Source code for mspasspy.db.spectrumdb

#!/usr/bin/env python3
# -*- coding: utf-8 -*-
from abc import ABC, abstractmethod
from mspasspy.ccore.seismic import PowerSpectrum
from mspasspy.ccore.utility import MsPASSError, ErrorSeverity
from mspasspy.db.schema import DatabaseSchema, MetadataSchema
from mspasspy.db.client import DBClient
from bson import ObjectId
import pickle



[docs]
class BasicObjectDatabase(ABC):
    """
    Abstract base class for database handle to save a single object type.

    This is a base class for an alternative interface to the MsPASS
    database handle used as a core component of the framework.
    The main use of this alternative interface is assumed to be
    as a way to cleanly add additional data objects to the core object
    of MsPASS.   For example, this file contains a concrete implementation
    of this class to save power spectrum estimates in a particular
    MongoDB collection.  Users should use that as an example for how
    to utilize this approach for saving other types of data that
    MsPASS standard objects (TimeSeries, Seismogram, TimeSeriesEnsemble,
    and SeismogramEnsemble).

    A key point of this class it to create a simple, flexible interface
    to build a MongoDB collection that would store one and only one type
    of data object.   An implementation may choose to implement a schema
    if they wish using the schema mechanism of MsPASS.   Research uses
    for different objects that are specialized to one user or group
    may find this class a useful base to build upon.

    """

    def __init__(
        self,
        name,
        type_list,
        *args,
        db_schema=None,
        md_schema=None,
        **kwargs,
    ):
        """
        Base class constructor.   Most subclasses should normally
        calls this constructor as part of the __init__ method of the
        subclass.

        This constructor creates an instance of the MsPASS Database
        class internally (self.db).  Subclasses should define what collections(s)
        this handle should reference.

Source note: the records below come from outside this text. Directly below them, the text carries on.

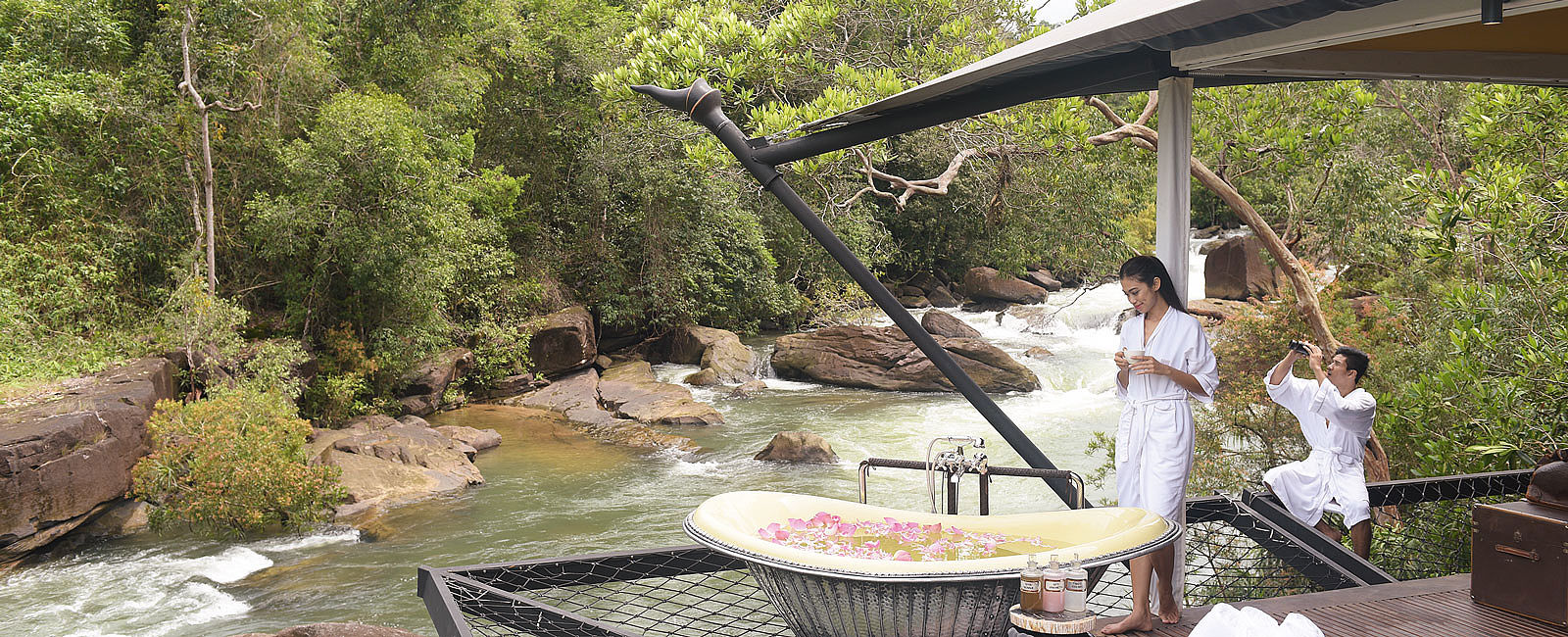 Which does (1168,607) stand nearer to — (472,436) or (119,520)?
(119,520)

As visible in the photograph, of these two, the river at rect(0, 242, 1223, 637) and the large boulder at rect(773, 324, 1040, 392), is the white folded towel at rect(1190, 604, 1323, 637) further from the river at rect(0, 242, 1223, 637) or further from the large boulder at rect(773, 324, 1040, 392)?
the large boulder at rect(773, 324, 1040, 392)

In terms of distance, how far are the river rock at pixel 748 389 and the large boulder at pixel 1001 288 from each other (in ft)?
23.2

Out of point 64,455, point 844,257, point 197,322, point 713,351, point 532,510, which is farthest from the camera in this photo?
point 713,351

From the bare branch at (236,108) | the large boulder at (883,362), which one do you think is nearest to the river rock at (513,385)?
the large boulder at (883,362)

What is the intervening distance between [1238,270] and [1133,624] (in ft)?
46.2

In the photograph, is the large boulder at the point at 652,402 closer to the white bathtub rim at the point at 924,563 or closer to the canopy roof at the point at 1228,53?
the canopy roof at the point at 1228,53

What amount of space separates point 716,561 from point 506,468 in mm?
6978

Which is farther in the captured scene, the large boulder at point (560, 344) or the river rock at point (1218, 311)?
the large boulder at point (560, 344)

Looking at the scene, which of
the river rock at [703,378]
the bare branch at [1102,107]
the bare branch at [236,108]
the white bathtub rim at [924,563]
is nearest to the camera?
the white bathtub rim at [924,563]

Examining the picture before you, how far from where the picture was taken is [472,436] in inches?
414

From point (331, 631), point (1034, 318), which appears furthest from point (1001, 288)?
point (331, 631)

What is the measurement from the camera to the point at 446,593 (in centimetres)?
316

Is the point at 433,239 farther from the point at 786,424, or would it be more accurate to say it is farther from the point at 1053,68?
the point at 1053,68

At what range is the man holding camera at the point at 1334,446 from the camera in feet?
12.7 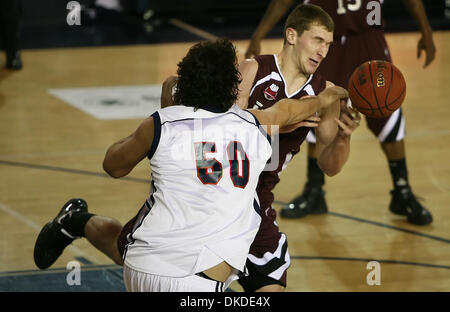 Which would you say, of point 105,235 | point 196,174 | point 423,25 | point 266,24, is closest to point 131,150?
point 196,174

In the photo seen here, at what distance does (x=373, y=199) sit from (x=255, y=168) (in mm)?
3383

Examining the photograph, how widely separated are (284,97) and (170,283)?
1.30 metres

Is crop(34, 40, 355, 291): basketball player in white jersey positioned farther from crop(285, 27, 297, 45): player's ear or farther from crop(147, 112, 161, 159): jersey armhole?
crop(285, 27, 297, 45): player's ear

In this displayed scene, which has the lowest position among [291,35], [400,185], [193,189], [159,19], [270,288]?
[270,288]

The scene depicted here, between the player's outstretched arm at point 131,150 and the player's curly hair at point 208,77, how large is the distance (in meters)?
0.19

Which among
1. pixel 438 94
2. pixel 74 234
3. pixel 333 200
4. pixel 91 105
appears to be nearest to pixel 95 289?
pixel 74 234

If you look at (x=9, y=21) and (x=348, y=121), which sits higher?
(x=9, y=21)

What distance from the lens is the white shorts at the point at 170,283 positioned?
352 cm

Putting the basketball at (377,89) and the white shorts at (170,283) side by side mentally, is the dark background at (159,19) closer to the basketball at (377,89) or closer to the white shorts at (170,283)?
the basketball at (377,89)

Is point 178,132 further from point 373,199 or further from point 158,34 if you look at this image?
point 158,34

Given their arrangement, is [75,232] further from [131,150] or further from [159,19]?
[159,19]

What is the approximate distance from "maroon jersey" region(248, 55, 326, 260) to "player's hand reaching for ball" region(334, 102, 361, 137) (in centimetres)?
22

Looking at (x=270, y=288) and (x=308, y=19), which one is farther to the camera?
(x=308, y=19)

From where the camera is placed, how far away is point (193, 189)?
352 cm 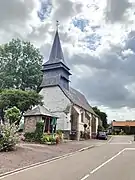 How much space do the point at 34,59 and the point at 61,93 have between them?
13.3 meters

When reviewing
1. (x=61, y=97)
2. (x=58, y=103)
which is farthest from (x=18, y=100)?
(x=61, y=97)

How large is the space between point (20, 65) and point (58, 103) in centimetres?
1326

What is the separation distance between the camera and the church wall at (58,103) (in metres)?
45.4

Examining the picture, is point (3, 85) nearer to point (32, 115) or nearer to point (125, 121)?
point (32, 115)

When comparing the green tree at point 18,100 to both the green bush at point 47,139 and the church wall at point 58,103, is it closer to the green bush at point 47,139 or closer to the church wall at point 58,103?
the church wall at point 58,103

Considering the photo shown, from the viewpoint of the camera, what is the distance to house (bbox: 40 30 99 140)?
45656 millimetres

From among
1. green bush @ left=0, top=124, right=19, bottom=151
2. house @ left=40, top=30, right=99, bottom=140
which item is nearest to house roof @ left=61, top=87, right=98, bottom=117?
house @ left=40, top=30, right=99, bottom=140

A schema can optionally be loaded through
        the two schema arguments but is not required.   That is, the decision
        on whether or not to enforce a schema definition with MongoDB is
        an implementation detail for the type(s) that handle suports.
        Note the required `type_list` arg is a list of python types
        a concrete implementation will support.   The model is used it that
        the a subclass implementation could call this base class constructor
        with the list of types it supports.   An appropriate way to think
        of `type_list` is a virtual attribute.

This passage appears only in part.